EXERCISE AIM
Write out exactly, excluding pictures, the lines from the one containing "Mercedes-Benz E-Класс, 2019" through the end of the data, both included.

DATA
[Start of section]

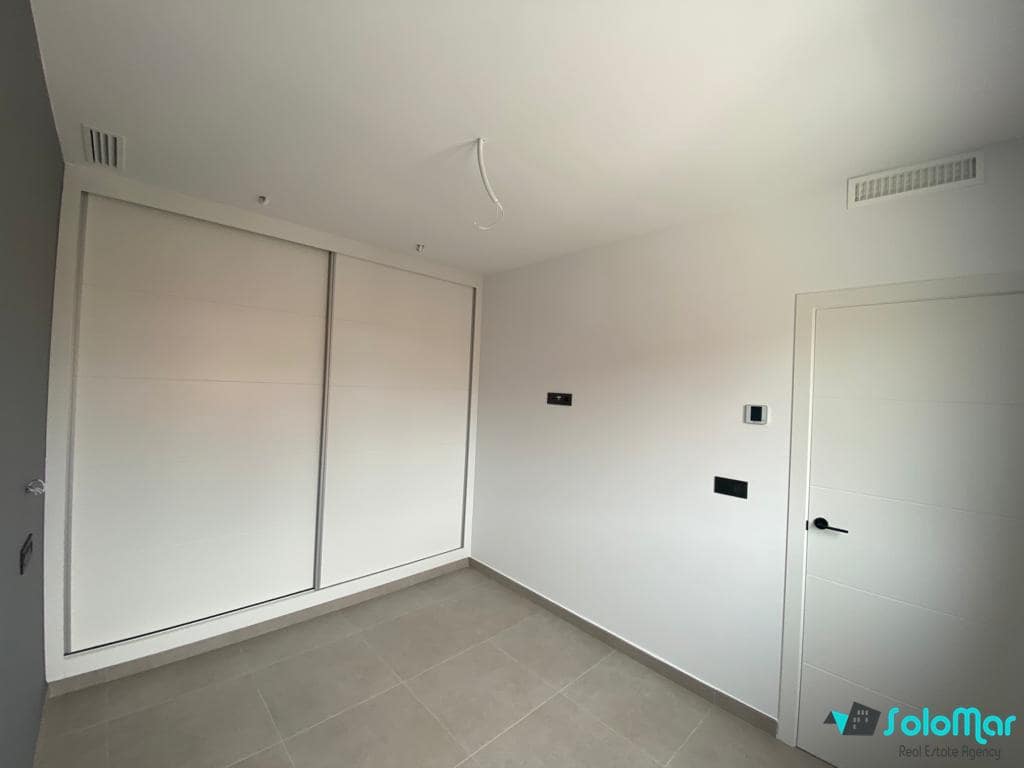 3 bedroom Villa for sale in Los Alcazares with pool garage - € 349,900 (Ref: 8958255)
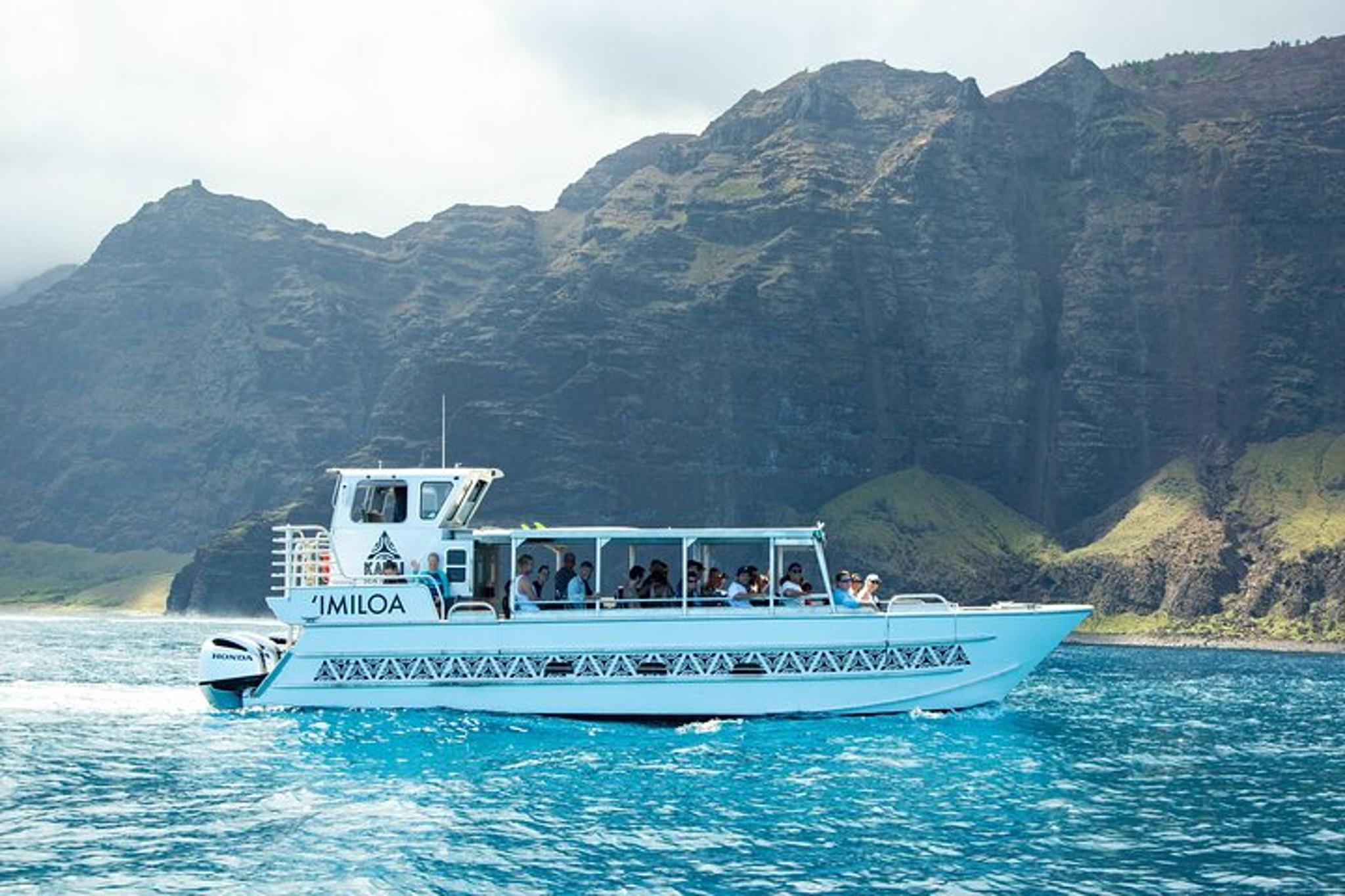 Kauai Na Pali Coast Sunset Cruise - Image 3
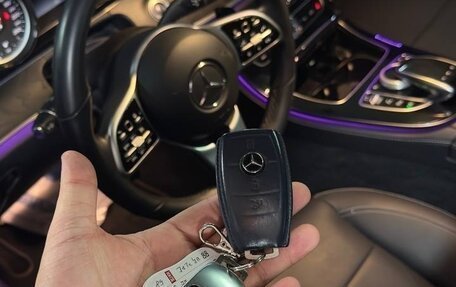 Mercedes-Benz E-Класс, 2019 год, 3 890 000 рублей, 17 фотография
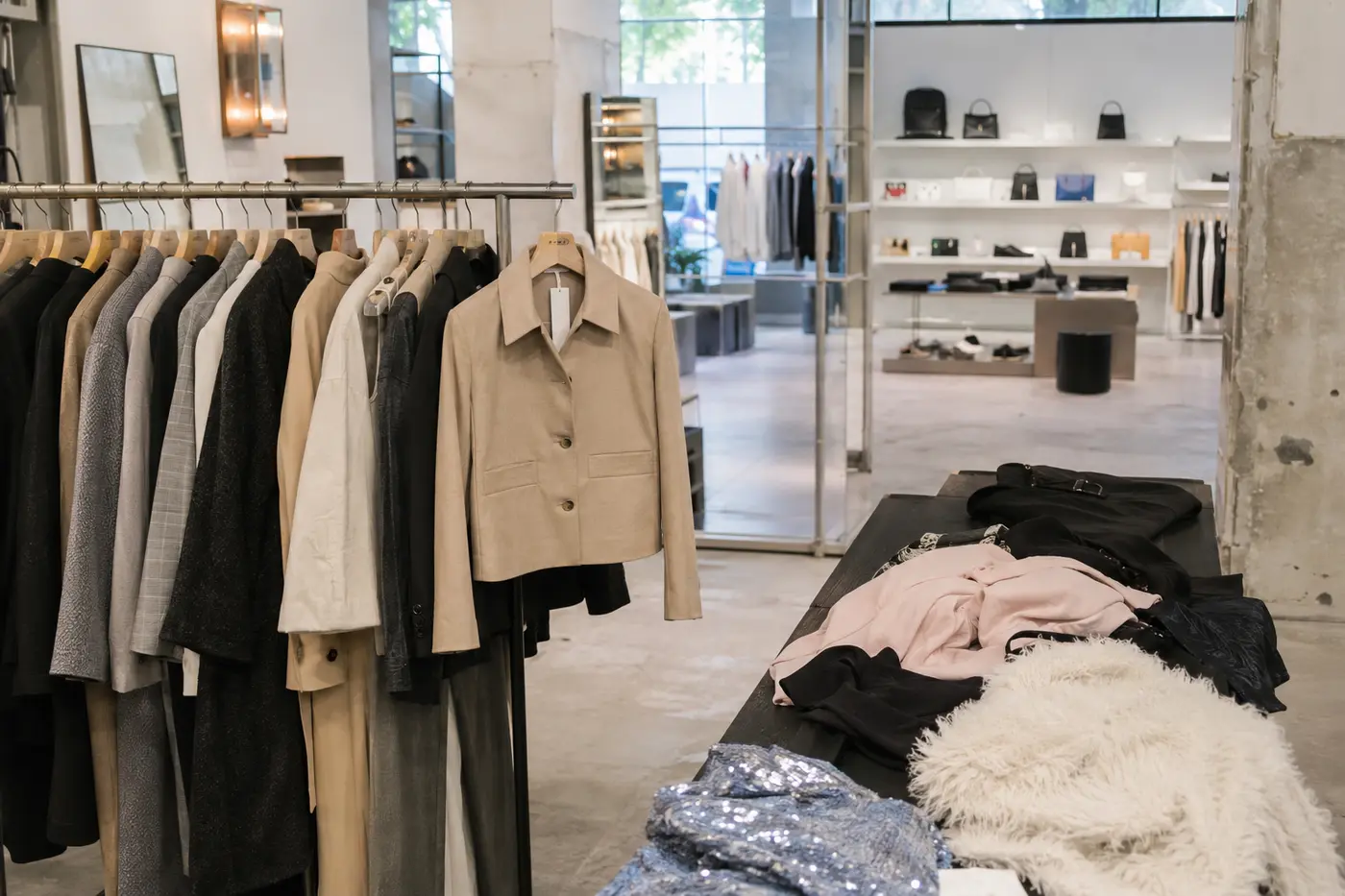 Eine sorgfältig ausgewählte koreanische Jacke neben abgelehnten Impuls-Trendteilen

[End of section]

RESULT OF THE EXERCISE
 Mercedes-Benz E-Класс, 2019 год, 3 890 000 рублей, 17 фотография
 Eine sorgfältig ausgewählte koreanische Jacke neben abgelehnten Impuls-Trendteilen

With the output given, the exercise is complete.